Question She was running so well...

Bjg13190

Prominent
Nov 12, 2021
30
1
545
Built a PC in August.

Specs:

MSI B550 Gaming Edge wifi
Ryzen 5600x
16gb corsair vengeance pro
Aorus RTX 3070
Corsair 750w PSU
Samsung m.2 980 ssd
Seagate 2TB HDD

This thing has run like a dream until november 5th when I started getting random crashes while both gaming as well as just perusing the internet. Each crash would give a WHEA-Logger Error code of:

A fatal hardware error has occurred.
Reported by component: Processor Core
Error Source: Machine Check Exception
Error Type: Cache Hierarchy Error
Processor APIC ID: 0

After attempting several fixes:
-default BIOS setting (no OC or PBO)
-update BIOS
-uninstall/reinstall chipset and gpu drivers

The issues persisted to the point now where the system will attempt to boot 3 times and then proceed to recovery mode.
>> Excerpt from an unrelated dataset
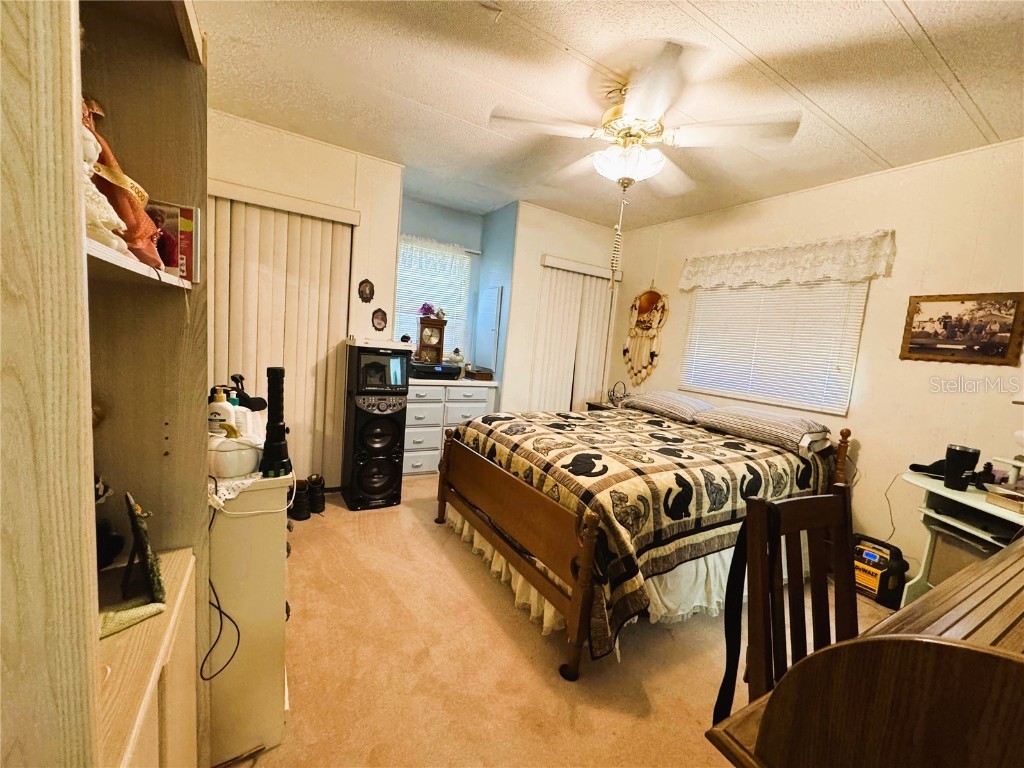 141 Azalea Trail Leesburg FL 34748 R4909821 image22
When I attempt anything in recovery mode (reset pc, sfc /scannow in CMD) it will attempt those processes and then sometime during those it will restart again...into the same loop..

I've removed and tested each ram stick individually, no change.

I've removed and reseated gpu

I've unplugged HDD and attempted boot

I've ensured all connections are seated properly on mobo on psu

...anyone got anything on this one? Any help is appreciated.
 

Ralston18

Titan
Moderator
Are you able to get into BIOS? If so, set POST to display everything that it is doing and what the results are. Look for a "Verbose" setting.

Will the PC successfully boot into Safe Mode?

Once booted into Safe Mode check Reliability History and Event Viewer. Either one or both may be capturing errors related to the observed crashes.
 

Bjg13190

Prominent
Nov 12, 2021
30
1
545
Are you able to get into BIOS? If so, set POST to display everything that it is doing and what the results are. Look for a "Verbose" setting.

Will the PC successfully boot into Safe Mode?

Once booted into Safe Mode check Reliability History and Event Viewer. Either one or both may be capturing errors related to the observed crashes.

I can get in BIOS, though the only POST option I see is to enable the POST "beep" during startup.

When I attempt to boot into safe mode it will OCCASSIONALLY reach the Windows lock screen, and then immediately reboot again into a loop until it gets back to recovery mode.
 

Ralston18

Titan
Moderator
Regarding POST what key(s) are being used?

Reference:

https://smallbusiness.chron.com/bios-msi-motherboard-54604.html

= = = =

Does the following link present the applicable User Guide/Manual for your motherboard?

https://download.msi.com/archive/mnu_exe/mb/E7C91v1.2.pdf

[Do verify that I found the correct User Guide/Manual.]

Double check the current system configuration beginning on physically numbered Page 45.

Any beeps/ beep codes ? Reference Page 66.

You may need to clear CMOS to reset everything to default values. Then reconfigure thereafter.
 

Bjg13190

Prominent
Nov 12, 2021
30
1
545
Regarding POST what key(s) are being used?

Reference:

https://smallbusiness.chron.com/bios-msi-motherboard-54604.html

= = = =

Does the following link present the applicable User Guide/Manual for your motherboard?

https://download.msi.com/archive/mnu_exe/mb/E7C91v1.2.pdf

[Do verify that I found the correct User Guide/Manual.]

Double check the current system configuration beginning on physically numbered Page 45.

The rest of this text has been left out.